# 05 - Updating Rows and Columns - Modifying Data Within DataFrames

https://youtu.be/DCDe29sIKcE?si=d4DUqMqXt7kSc3o-

Notes by [Innovinitylabs](https://github.com/innovinitylabs)

In [48]:
import pandas as pd

#Setup for learning data

people = {
    "first": ["Corey", 'Jane', 'John'], 
    "last": ["Schafer", 'Doe', 'Doe'], 
    "email": ["CoreyMSchafer@gmail.com", 'JaneDoe@email.com', 'JohnDoe@email.com']
}
dft = pd.DataFrame(people)

---

#Setup for Real world data

In [49]:
df = pd.read_csv('data/survey_results_public.csv', index_col='Respondent' )
schema_df = pd.read_csv('data/survey_results_schema.csv', index_col='Column')
pd.set_option('display.max_columns', 85)


In [50]:
# pd.set_option('display.max_rows', 85)

---
---
---

#### Update columns/column names


How to update data within rows and columns

In [51]:
dft.columns

Index(['first', 'last', 'email'], dtype='object')

In [52]:
dft.columns = [ 'f', 'l', 'email']
dft

Unnamed: 0,f,l,email
0,Corey,Schafer,CoreyMSchafer@gmail.com
1,Jane,Doe,JaneDoe@email.com
2,John,Doe,JohnDoe@email.com


Renames all the column in the dataframe.

In [53]:
# dft.columns = [ 'f', 'l']

But that method is only used when renaming all the columns in the dataframe and not when some of the columns are left

to rename specific column have to give a Dictionary (key:value pairs) like 'Old name' : 'new name'  to `.rename(columns = {})` method

In [54]:
dft.rename( columns = {'f': 'first name', 'l': 'last name'})

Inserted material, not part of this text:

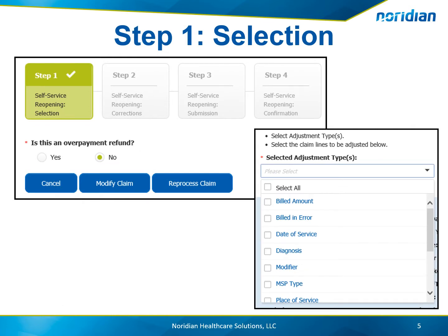On Step 1, the first question that is asked will determine if a self-service reopening or a recoupment request will be completed. Is this an overpayment refund? If yes, then a recoupment request can be completed. If this is your situation, please find the Part B Recoupment Request Tutorial for further instructions. If no, then you will choose to modify or reprocess the claim.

Unnamed: 0,first name,last name,email
0,Corey,Schafer,CoreyMSchafer@gmail.com
1,Jane,Doe,JaneDoe@email.com
2,John,Doe,JohnDoe@email.com


but the above wont change data in place so we have to use `inplace = True`

In [55]:
dft.rename( columns = {'f': 'first name', 'l': 'last name'}, inplace=True)
dft

Unnamed: 0,first name,last name,email
0,Corey,Schafer,CoreyMSchafer@gmail.com
1,Jane,Doe,JaneDoe@email.com
2,John,Doe,JohnDoe@email.com


can use string methods to uppercase the column using list comprehension

In [56]:
dft.columns = [ x.upper() for x in dft.columns ]
dft

Unnamed: 0,FIRST NAME,LAST NAME,EMAIL
0,Corey,Schafer,CoreyMSchafer@gmail.com
1,Jane,Doe,JaneDoe@email.com
2,John,Doe,JohnDoe@email.com


In [57]:
dft.columns = dft.columns.str.lower() #can also use this method
dft

Unnamed: 0,first name,last name,email
0,Corey,Schafer,CoreyMSchafer@gmail.com
1,Jane,Doe,JaneDoe@email.com
2,John,Doe,JohnDoe@email.com


Or remove the spaces in between column names for ease of use

In [58]:
dft.columns = dft.columns.str.replace( ' ', '_')
dft

Unnamed: 0,first_name,last_name,email
0,Corey,Schafer,CoreyMSchafer@gmail.com
1,Jane,Doe,JaneDoe@email.com
2,John,Doe,JohnDoe@email.com


In [59]:
dft.columns = ['first', 'last', 'email'] #Back to original template

---

# Update data in rows
###### [Timestamp](https://youtu.be/DCDe29sIKcE?si=9Xbty9dqhF9it79K)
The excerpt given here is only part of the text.